** INFORMATION PROVIDED follows **
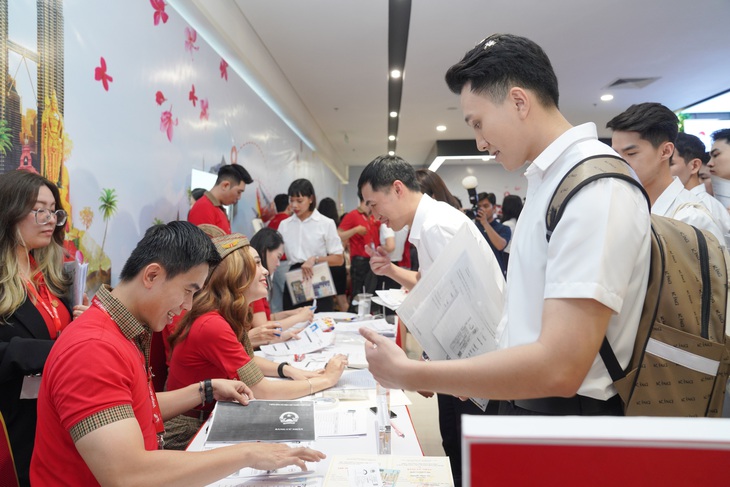 Dàn ứng viên xinh đẹp rạng rỡ khuấy động ngày hội việc làm lớn nhất năm của Vietjet - Ảnh 2.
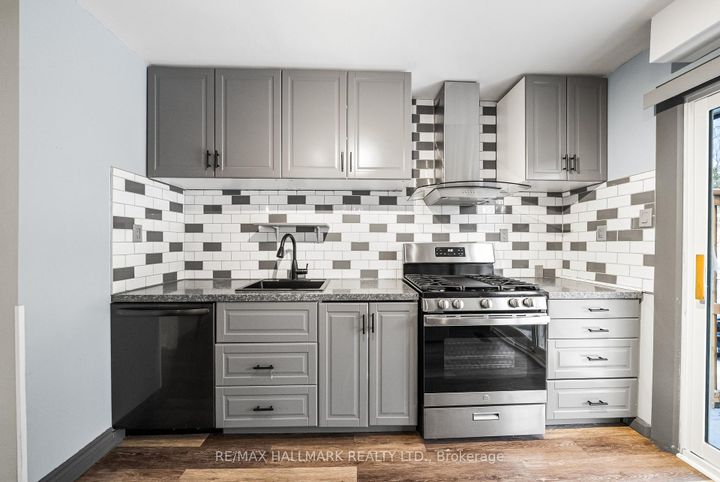 Photo 13 at 11 Tangle Briar Way, Bayview Village, Toronto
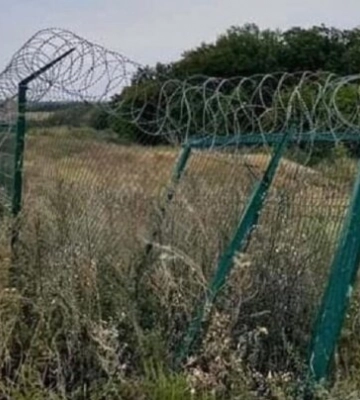 Защитники вышли к &quot;стене Яценюка&quot; на границе: позор на 2,5 млрд грн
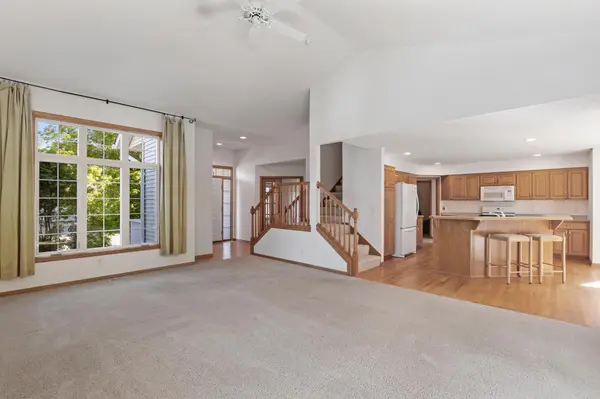 1335 Woods Creek DR, Delano, MN 55328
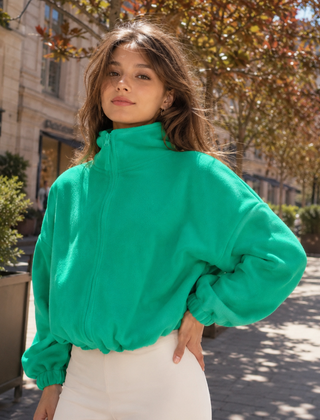 Bomber corto verde con zip integrale e linea ampia sulle spalle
** End of INFORMATION PROVIDED **
WHAT YOU WILL DO
Although the records contain pictures, transcribe only their text, exactly as written.

SOLVED EXERCISE
 Dàn ứng viên xinh đẹp rạng rỡ khuấy động ngày hội việc làm lớn nhất năm của Vietjet - Ảnh 2.
 Photo 13 at 11 Tangle Briar Way, Bayview Village, Toronto
 Защитники вышли к &quot;стене Яценюка&quot; на границе: позор на 2,5 млрд грн
 1335 Woods Creek DR, Delano, MN 55328
 Bomber corto verde con zip integrale e linea ampia sulle spalle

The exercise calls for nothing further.